There were times in my ministry when I had to stand against the majority will of the congregation on behalf of the Gospel.  This is no fun when you have come to love your congregation. Years ago I came across this great letter that P.T. Forsyth (1848-1921) wrote to his new congregation in Cheetham Hill, England.

He made it plain that although they had called him he had a prior and higher call. Can you imagine a beleaguered pastor saying something like this today to an angry board of trustees?

“You have called and I have answered gladly. But it is not your call that has made me a minister. I was a minister before any congregation called me. My election is of God. Paul speaks of ‘a faithful minister of the new covenant’ … The minister of this covenant, therefore, the minister of Christ, has his call, first, in the nature of God and God’s Truth; second, in the nature of man and man’s need. We have on one side the divine Gospel; we have on the other the cry of the human. His call is constituted both by the divine election and the requirements of human nature. Would that some who are sure of their election by God, were as sure of their election by man, and their fitness to adapt God’s truth to human nature. It is not therefore the invitation of any particular congregation that makes a man a minister. It is a call which on the human side proceeds from the needs rather than from the wishes of mankind, from the constitution of human nature as set forth in Christ, rather than from the appointment by any section or group of men. I am here, not to meet all your requisitions, but to serve all your needs in Jesus Christ. You have not conferred on me my office, and I am Christ’s servant more than yours, and yours for His sake. The minister is not the servant of the Church in the sense of any special community or organization. The old Latin theologians used to subscribe themselves V.D.M., Minister of the Word of God,—Minister not of the Church, but of that Christian human nature which our particular views and demands so often belie. A minister may, on occasion, never be so much of a minister as when he resists his congregation and differs from it.” (“The Pulpit and the Age”)

The church could user fewer employees and more ministers..

3 thoughts on “Do ministers work for the church?

  1. Amen to the first paragraph, especially. I don’t have enough experience to comment on the rest.
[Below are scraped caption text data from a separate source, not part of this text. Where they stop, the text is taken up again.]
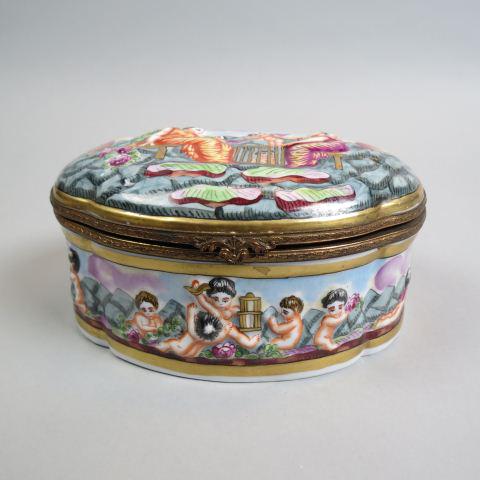Capodimonte Porcelain Oval Dresser Box,: maidens releasing cupids from a cage, bronze ormolu mounts, 5 1/2" X 7 1/2", excellent.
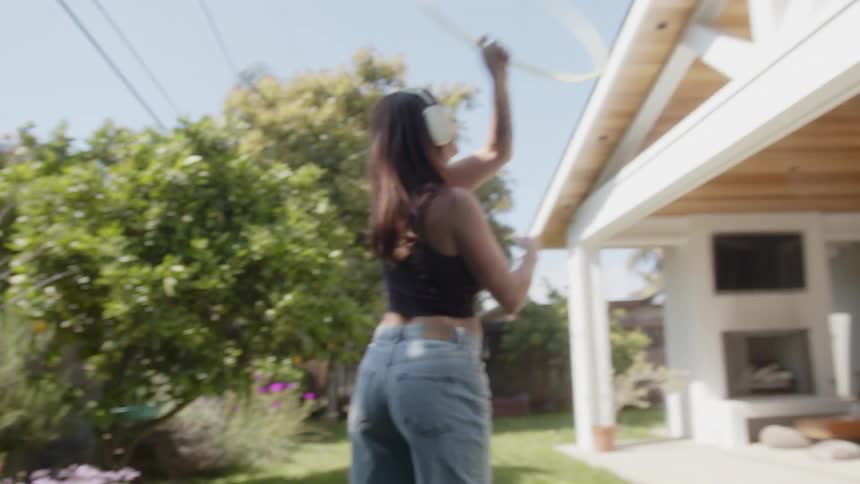 A woman is hula hooping outdoors while wearing headphones with trees visible in the background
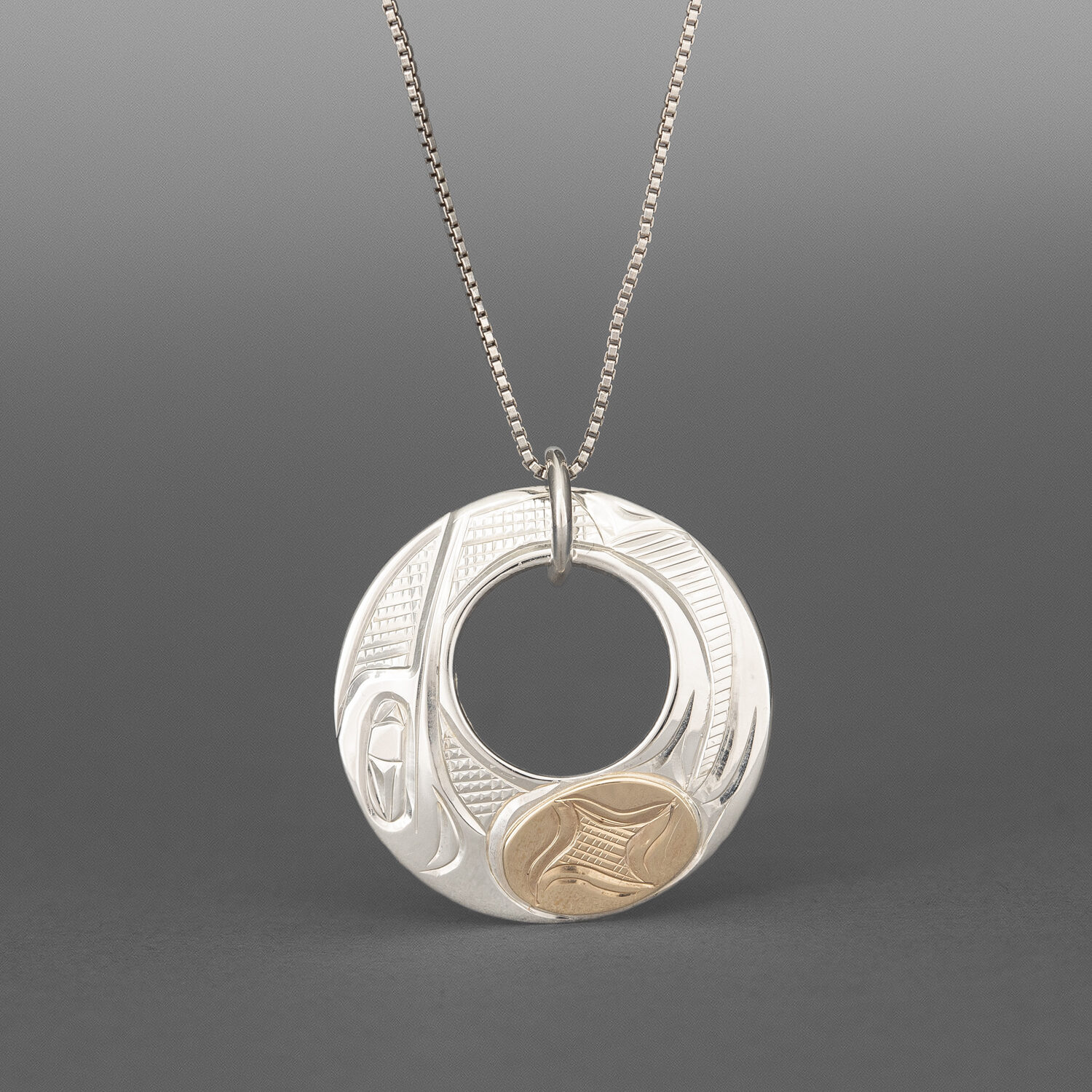 Hummingbird Pendant
Corrine Hunt
Kwakwaka'wakw/Tlingit
Sterling silver, 14k gold
1" dia.
$295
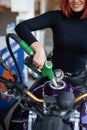 Redhead female driver fueling own bike in service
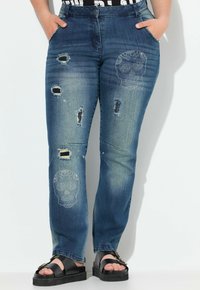 Jeans in denim di medio blu con un design distressed caratterizzato da strappi e un motivo di teschi arricchito con borchie. Fit dritto.
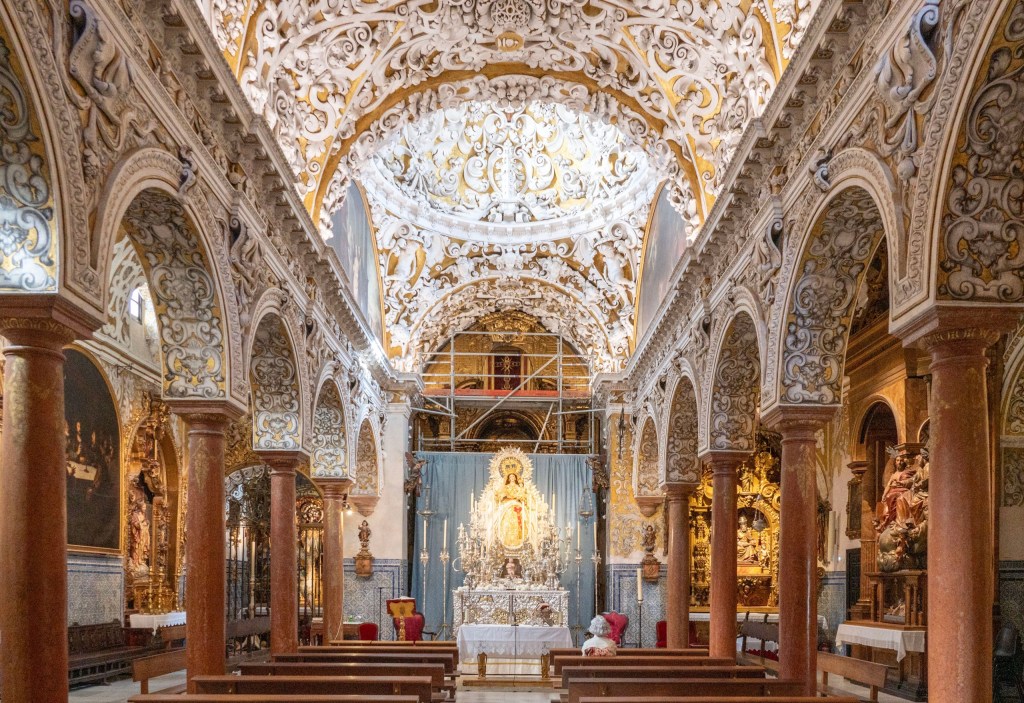 Ornate church interior with detailed arches and a statue at the altar.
    Our little church, once struggling but cozy, where everyone knew each other and each other’s kids, has modernized to the corporate model. “Employees” get progress reviews. Our vestry are no longer Joe, Maribel, Ernesto, Connie, and Marvin, they’re the “Church Leaders,” and go to seminars about what it means to be a “leader.” We can’t have a meeting without big Post-It posters stuck to the wall, where every mental sneeze and hiccup is recorded, then written down to become our action plan. We have a salaried “Communications Director.” (I am not making this up.) The focus of all this is one thing: to grow the church. That is the thing by which everything is measured. The tradition that has given us our identity for 400 years must stand aside – it’s off-putting to potential pledge units. (Sigh)

    I know that isn’t really what your post was about.

  2. And I almost forgot! We have a mission statement! A freaking mission statement! What does a Christian church need with a mission statement? We used to have a lovely epigram that was unique to our church: “As we are gathered, so we are sent.” Isn’t that lovely? I’ve actually mediated on that for hours. How are we gathered, why are we gathered, how are we sent, why are we sent? We don’t use it anymore, though. We have a mission statement.

    I guess I’m ranting, aren’t I? Sorry.

    • Ranting is such a judgmental word, Bob. I prefer “expressing a strong opinion.” I like yours. Some of the mission statements I have seen don’t mention God or Christ (or either.) So it really is all about us. Who knew?